With the mill shuttered, many residents earn government stipends to take
classes in a nearby village. Others who seek a decent selection of food
to buy or a gym to practice sports often wait hours for a truck to pass
and take them to neighboring towns.

Some residents have turned to peanut farming to eke out a living. Others
work at a government chicken farm. A few have considered private
cooperatives to farm state land. But earlier attempts generally ended
with meager income after residents paid hefty fees to government and
braved poor roads and other obstacles, said resident Alberto García.

Those straits are not what Fidel Castro had in mind when his government
rechristened the batey to honor his heartfelt goal of freeing the
Caribbean island of Puerto Rico from U.S. control and ending its
commonwealth status, which it has had since 1952.

Castro's administration long has been among the staunchest advocates of
Puerto Rican independence, repeatedly bringing the issue before the
United Nations.

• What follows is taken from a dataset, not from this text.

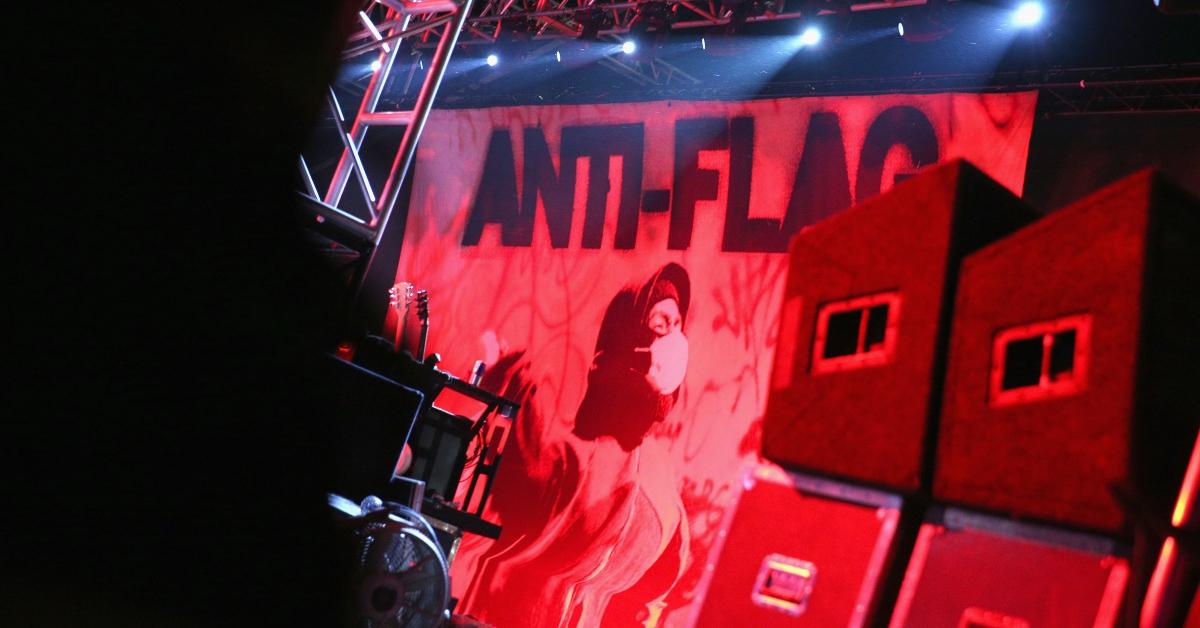 Anti-Flag performs onstage during day 1 of the 2014 Coachella Valley Music & Arts Festival at the Empire Polo Club on April 11, 2014 in Indio, California. (Photo by Imeh Akpanudosen/Getty Images for Coachella)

And it has financed pro-independence groups, including
the Macheteros, that have used bombings and armed robbery to further
their cause, former CIA analyst Brian Latell said in his book After Fidel.

Castro himself told TV interviewer Barbara Walters in 1977: "So long as
there is one Puerto Rican, just a single one, who wants independence for
his country, so long we will have the moral and political duty to
support him," Latell wrote.

Cuban officials in Puerto Rico Libre take pride in their town's name,
invoking the words of Puerto Rican poet Lola Rodríguez de Tíothat
"Puerto Rico and Cuba are the wings of the same bird."

Both islands shared a common Spanish heritage for four centuries. But
after the Spanish-American War in 1898, Puerto Rico remained part of the
United States, while Cuba became independent.

Yet some younger residents have little notion of their town's historical
or political roots. Sporting tattoos and an earring, sixth-grade
graduate and part-time farmer Osneri Castellanos said he knows Puerto
Rico for its reggaeton music, a tropical hip-hop blend.

"Puerto Rico is where my favorite singers come from: Don Omar and Daddy
Yankee," said Castellanos, 20.

Meanwhile, Puerto Rico's independence movement also struggles.

In the island's 2004 general elections, the Puerto Rican Independence
Party garnered less than the 3 percent of votes required to keep its
36-year spot on the ballot. The party had to collect more than 100,000
signatures to re-register. Plus, socialist groups backing independence
remain splintered.

Still, independence advocates pursue their dream. Cuba recognizes a
Puerto Rico mission in its embassy district in Havana, separate from the
U.S. mission and run for years by Puerto Rican socialist Edwin Gonzalez.

"We're a nation. No one can take that away from us. Even statehood
supporters want to keep a separate Olympic Committee and Miss Universe
for the island, though that contradicts annexation to the United
States," González, 40, said from his Havana office.

For both the independence movement and mill town, the immediate
challenge remains economic, however. Most Puerto Ricans don't want to
separate from the rich United States, fearful it will bring down their
standard of living. Similarly, many Puerto Rico Libre residents long for
the day they can again find jobs in manufacturing.

"The sugar mill gave this town life," García said. "Now, we're worse off."